# FreeBSD as simple file, print, Upnp, ftp, torrent & usenet server?



## oxymoron (Mar 29, 2009)

Hi guys,

Well my first post here! 

Basically I have been playing about with FreeNAS on a spare Dell optiplex I have. One word - amazing. Simply amazing software. Why am I not sticking with it I hear your cry! Well, I can't seem to get the latest sabnzbd installed, sabnzbd 0.4.3 works but I wanted to update ideally.

This talk of a server got me thinking, I could use a printer server and mail server as well. This obviously goes beyond what FreeNAS was intended so hence, here I am!

How feasible is it to run FreeBSD as a headless home server? My requirements are:

1) samba shares to Arch linux box, vista machine & apple laptop, HTPC.
2) Upnp streaming to Playstation 3 (FreeNAS uses fuppes I think, but I have more experience of mediatomb on linux)
3) printer server - manager my printer so that my laptop, windows and linux boxes can print from it at anytime. Is this even what a printer server does? :r
4) Mail server - I want to be able to backup e-mails from a pop3 account & have the ability to setup "out of office" notifications when I go on holiday. (I can't seem to do this on standard pop3 e-mail setup). Again is this what a mail server can do?
5) torrent downloads, with webGUI. FreeNAS uses Transmission, is this a safe bet?
6) SABnzbd latest version installed and accessable via other machines.

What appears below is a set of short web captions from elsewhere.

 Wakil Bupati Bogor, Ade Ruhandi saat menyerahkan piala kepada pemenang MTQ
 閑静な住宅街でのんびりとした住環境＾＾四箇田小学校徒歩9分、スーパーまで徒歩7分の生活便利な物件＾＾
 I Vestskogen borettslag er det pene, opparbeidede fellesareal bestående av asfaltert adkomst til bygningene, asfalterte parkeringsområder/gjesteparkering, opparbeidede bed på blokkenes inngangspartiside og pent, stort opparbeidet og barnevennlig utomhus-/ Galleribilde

As you can tell I'm kinda new to the server side of unix. My main concerns are getting the printer and mail server setup correctly.

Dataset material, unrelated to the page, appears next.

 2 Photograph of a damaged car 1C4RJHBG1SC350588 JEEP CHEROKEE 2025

I have used Arch linux for a couple of years now and can use the command line fairly well. I'm not scared of it anymore  I understand Arch linux uses the same file structure as FreeBSD i.e. rc.conf? So FreeBSD shouldn't be to hard to learn?

oh, I also would need some kind of easy to manage GUI for administration like freeNAS uses, from googling today alot of newbies like me use webmin, on linux anyway. Can I use that on FreeBSD, do people recommend anything else or is webmin what I need?

Hope people take the time to read and can provide any advise as to what links to read, any tips or comments are appreciated.

Regards

Oxy


----------



## fronclynne (Mar 29, 2009)

*I sometimes dream of using nfs to get my beer from the fridge*

1) If I could get an nfs client for vista, I would use that over samba, but samba seems to do fine from freebsd as well.
2)
	
	



```
/ports> make search key=mediatomb
Port:   mediatomb-0.11.0_2
Path:   /usr/ports/net/mediatomb
Info:   UPnP AV MediaServer
Maint:  leo@mediatomb.cc
. . .
```
 if that helps.
3)  dunno, had a cracking novell print server that ran from a single floppy on a 16M ram 486sx.  ps failed cos the thing had been running in a dusty room for 6 years . . .
err, sorry.  here: http://www.freebsd.org/doc/en/books/handbook/printing.html
4)  oh, be very careful with mail servers, especially if you've never set one up
5)  http://forums.freebsd.org/showthread.php?t=2411&highlight=transmission+daemon
6)  looks like 0.4.7 is available from ports

Also, it looks like webmin 1.470 (sysutils/webmin) &&  virtualmin 3.62 (sysutils/virtualmin) are two options from ports.

The ports system alone makes freebsd worth using over most anything I've tried, and the handbook & mailing lists are second to none.


----------



## oxymoron (Mar 29, 2009)

hhmmm thanks for that!

It's getting late for me here in England so i'll read them links tommorrow when I'm fresh.

I had a quick google earlier about winmin and freebsd. I came across these instructions:

http://fixerfrasse.blogspot.com/2008/03/installing-freebsd-70-webmin.html


```
Install webmin

    * Execute cd /usr/ports/sysutils/webmin
    * Execute make install clean
    * Execute cd /usr/local/lib/webmin
    * Execute ./setup.sh
```

It didnt work, but I think its because I haven't setup my user account permissions. I created a user but haven't given it any permissions, I'll consult the handbook tommorrow.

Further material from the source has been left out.